Michel Foucault’s Discipline and Punish was an examination of how French prisons developed and, in turn, how the governing aesthetic of the prison bled down into cultural institutions.
The administration of implicit violence and explicit subjugation bled down into culture itself, essentially. And this is something we see in our own society, with schools becoming more indistinguishable from minimum security prisons with each passing news cycle.
The only debate now is how much to pay the jamokes holding guns over the kids, even as their academic skills languish behind kids in first-world and now second-world countries with each passing year.
Violence and the ability to control it are the ultimate means of control. Both physical violence and ideological violence, such as falling in line with whatever the acceptable modalities are at a given time. Society is predicated on the assumption that there is always improvement to be made on this front; in reality, there are always demonized groups, and taboo modes of expression.

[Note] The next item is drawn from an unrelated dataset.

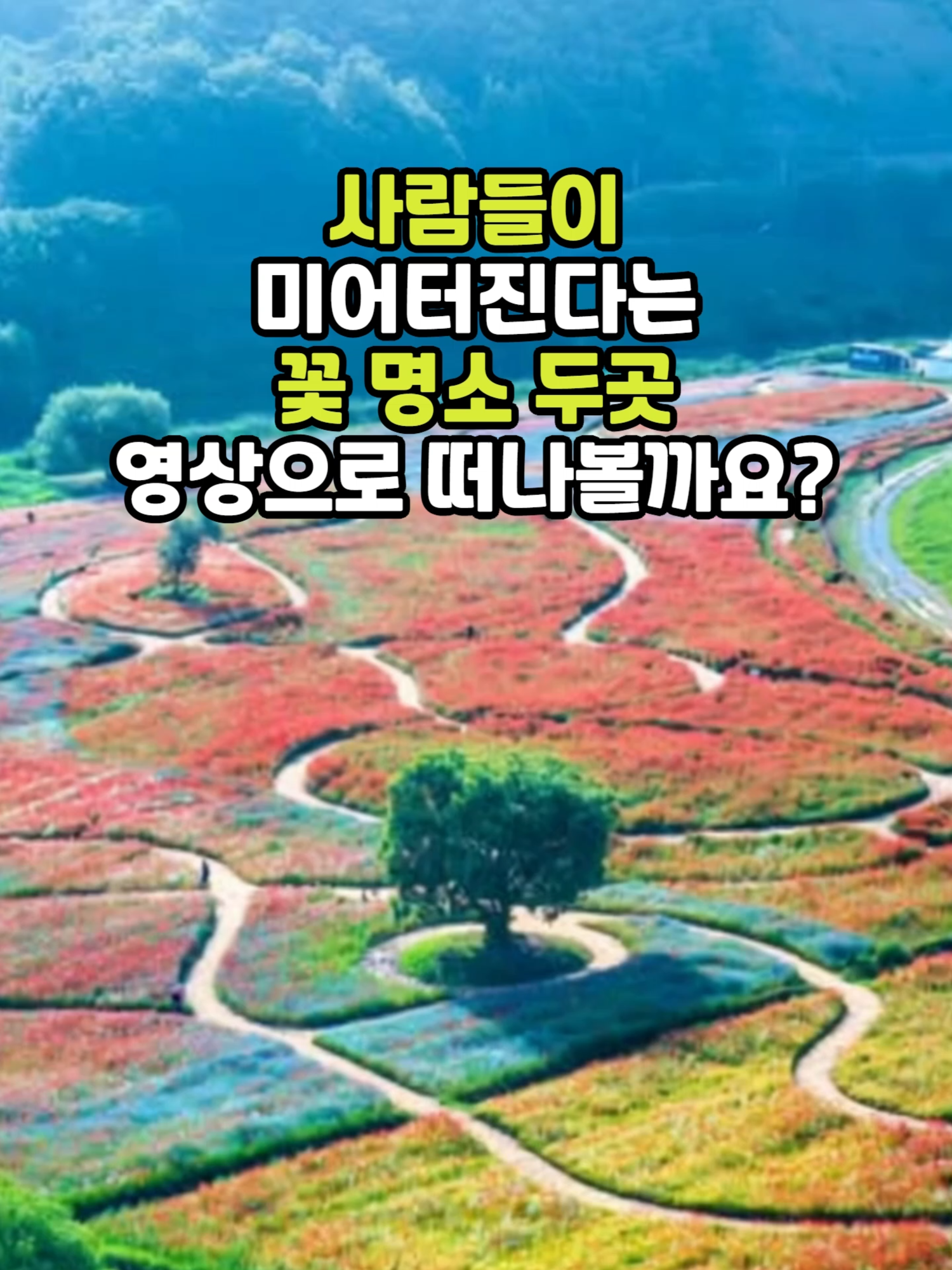 @꽃길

Mob rule predominates everywhere. Even, perhaps especially, on the Jacksonville City Council, which spent the last month shredding a seemingly harmless, symbolic bill, in what was a ritualized defenestration of the most vulnerable member of that august legislative body: Garrett Dennis.
Dennis filed a “Hit-Free Zone” bill simple in its intent: People shouldn’t hit each other on city property. This includes parents or guardians tanning the hides of their young charges in public parks or buildings, like those majestic halls in which the best and brightest in local government ministrate.
Oh, my, the reaction.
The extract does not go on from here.